Print the data below exactly as it stands, and keep the pictures out.

━━━ Data block

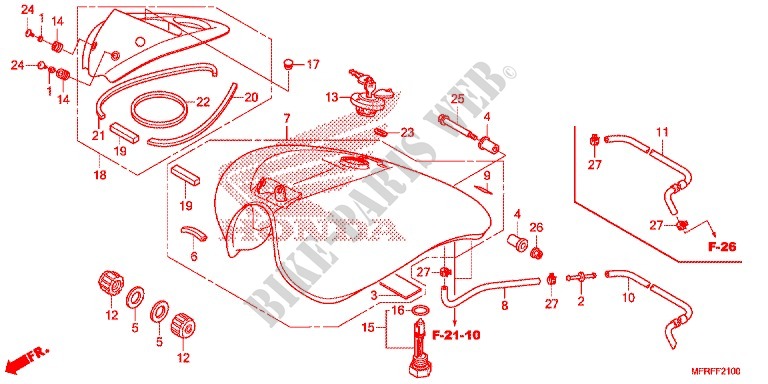 RESERVOIR A CARBURANT (VT1300CR/CRA/CT/CTA) pour Honda VT 1300 INTERSTATE de 2017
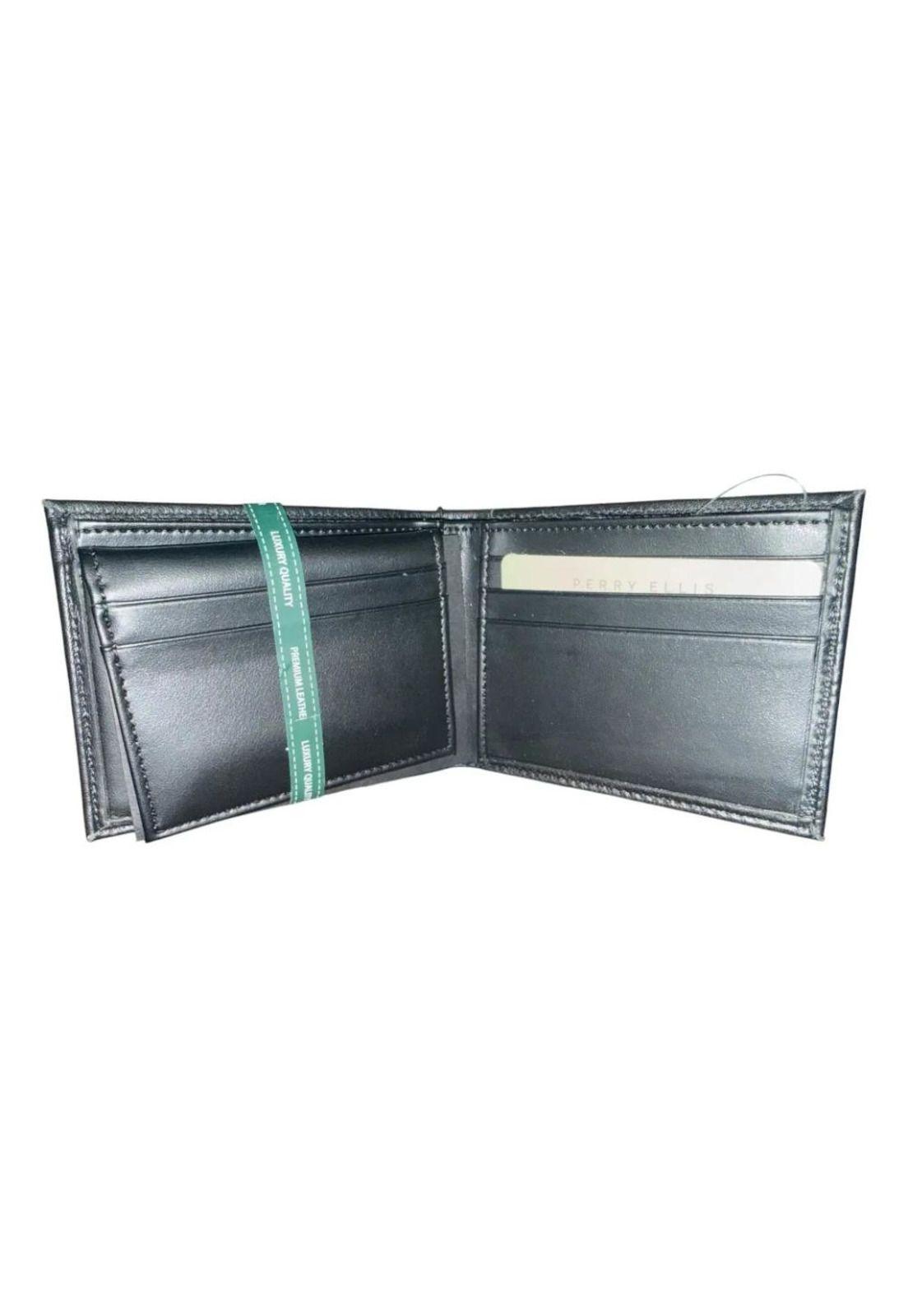 Billetera De Cuero Perry Ellis Hombre En Caja Negro Liso-1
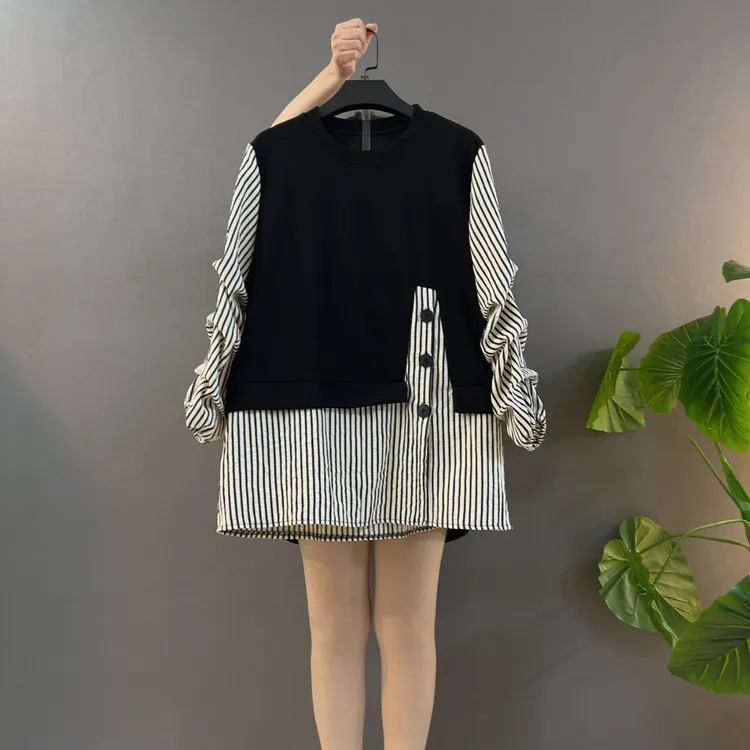 时尚减龄遮肚子长袖衬衫拼接假两件洋气衬衫打底衫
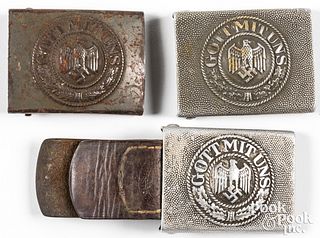 Three German WWII Army belt buckles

━━━━━━

* **Answer to the exercise**:
 RESERVOIR A CARBURANT (VT1300CR/CRA/CT/CTA) pour Honda VT 1300 INTERSTATE de 2017
 Billetera De Cuero Perry Ellis Hombre En Caja Negro Liso-1
 时尚减龄遮肚子长袖衬衫拼接假两件洋气衬衫打底衫
 Three German WWII Army belt buckles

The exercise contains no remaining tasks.